-- What is expected --
I need the lines from the one holding "Hello guys, welcome" to the last line of the data below repeated exactly, both included, without pictures.

-- Dataset extract --
* * * *

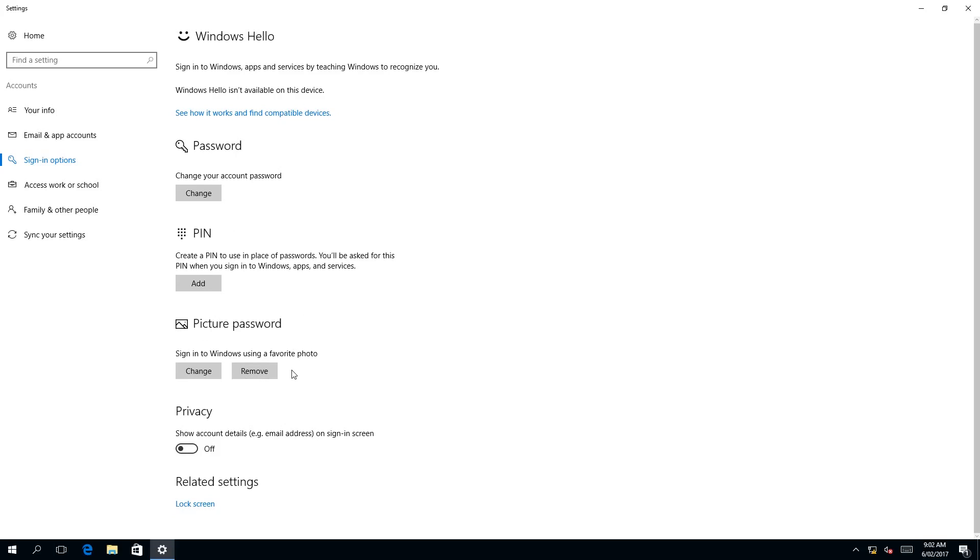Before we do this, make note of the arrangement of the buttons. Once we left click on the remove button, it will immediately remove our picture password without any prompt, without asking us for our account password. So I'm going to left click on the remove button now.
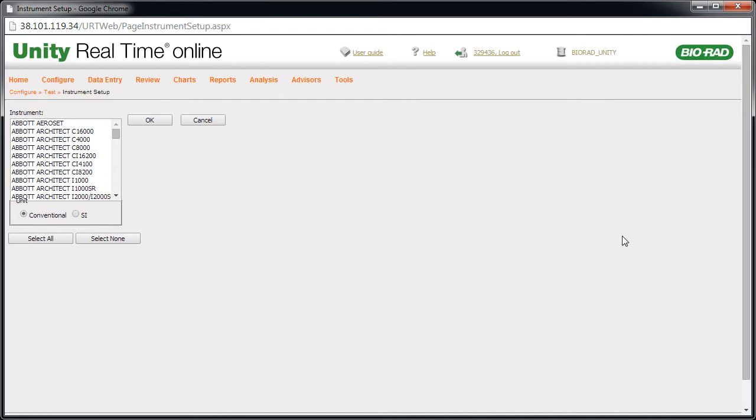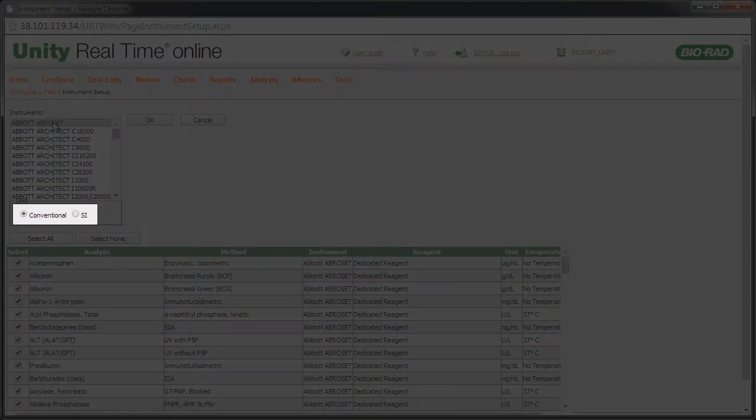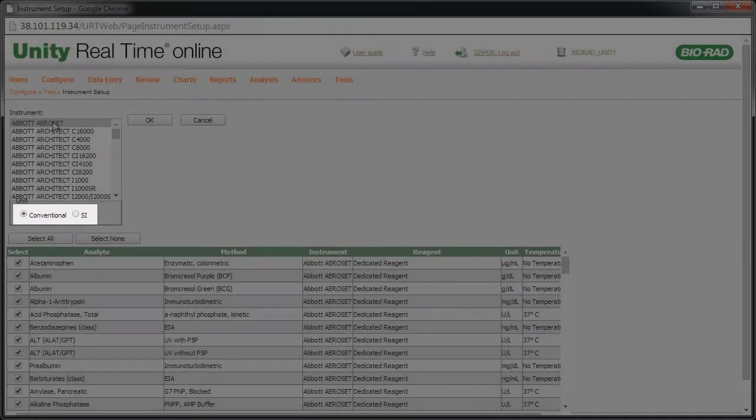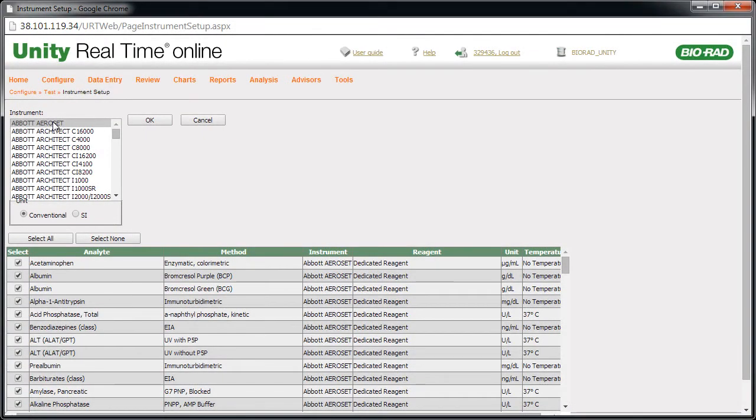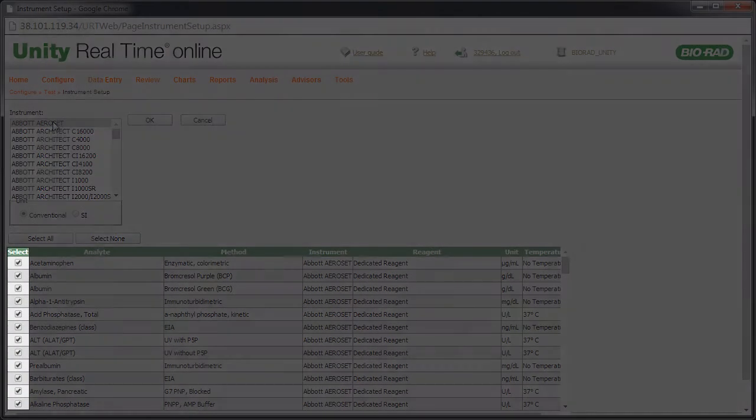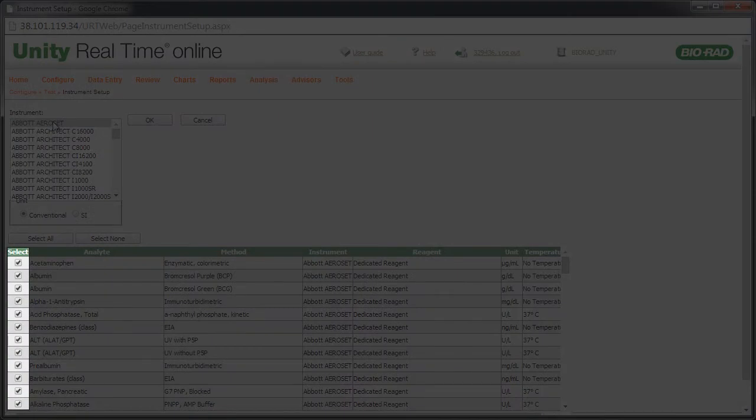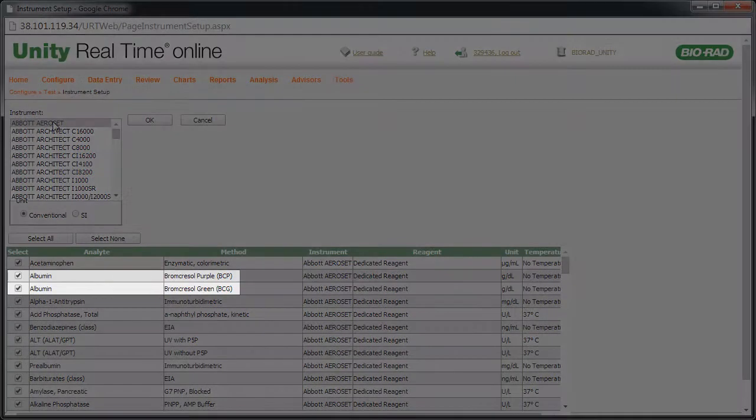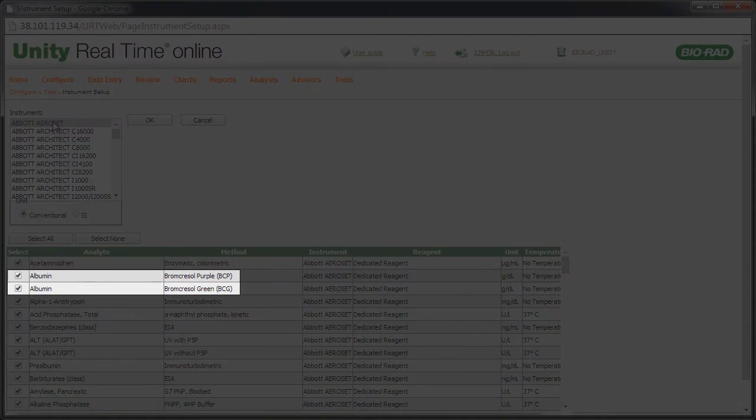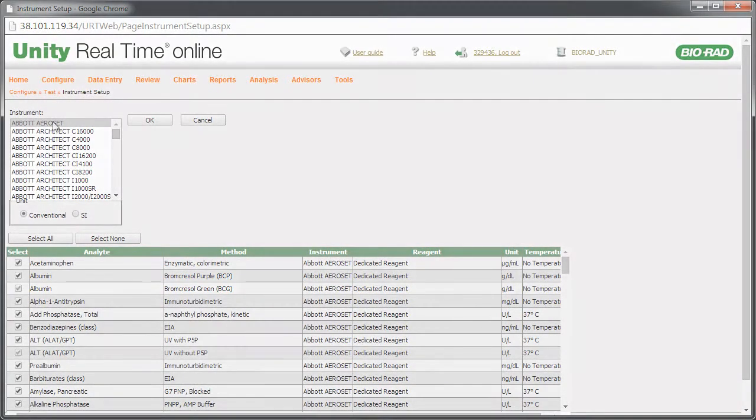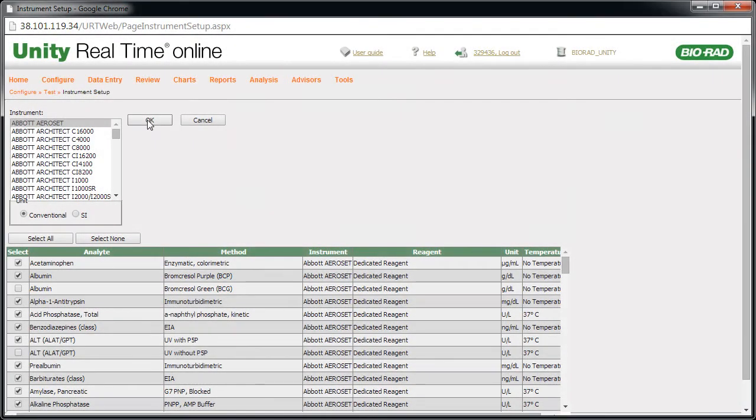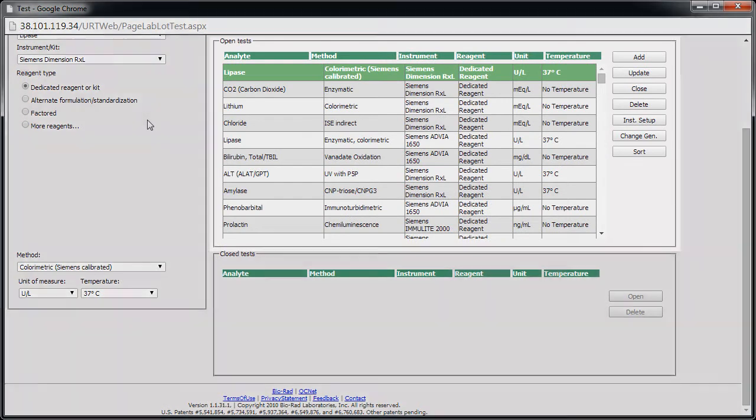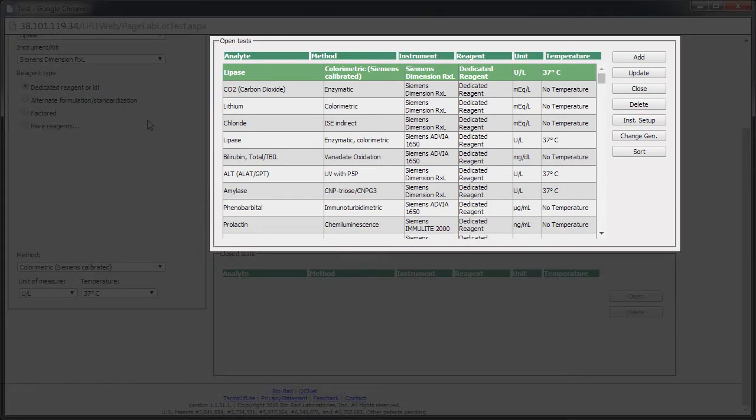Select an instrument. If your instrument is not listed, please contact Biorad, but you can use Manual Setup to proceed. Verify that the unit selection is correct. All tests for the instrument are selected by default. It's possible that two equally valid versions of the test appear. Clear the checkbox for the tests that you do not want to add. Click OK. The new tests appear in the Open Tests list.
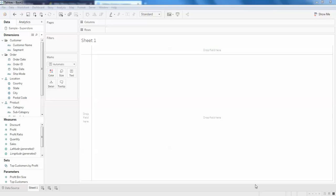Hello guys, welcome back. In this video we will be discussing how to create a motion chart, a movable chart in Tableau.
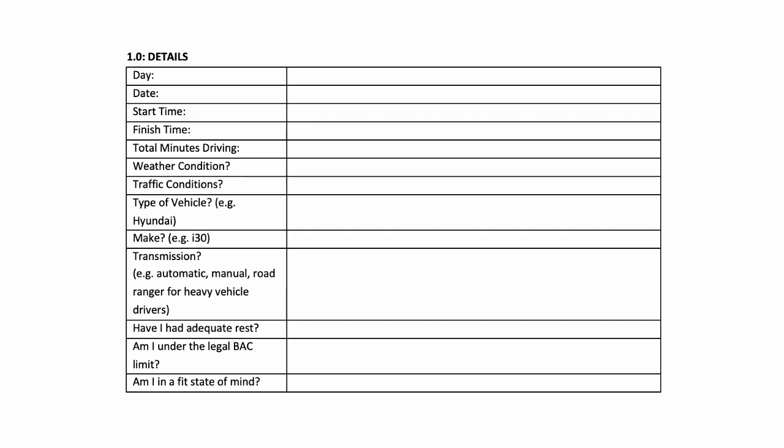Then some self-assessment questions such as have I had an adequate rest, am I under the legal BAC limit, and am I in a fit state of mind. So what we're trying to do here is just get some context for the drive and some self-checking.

* * * *

-- Task answer --
Hello guys, welcome back. In this video we will be discussing how to create a motion chart, a movable chart in Tableau.
Then some self-assessment questions such as have I had an adequate rest, am I under the legal BAC limit, and am I in a fit state of mind. So what we're trying to do here is just get some context for the drive and some self-checking.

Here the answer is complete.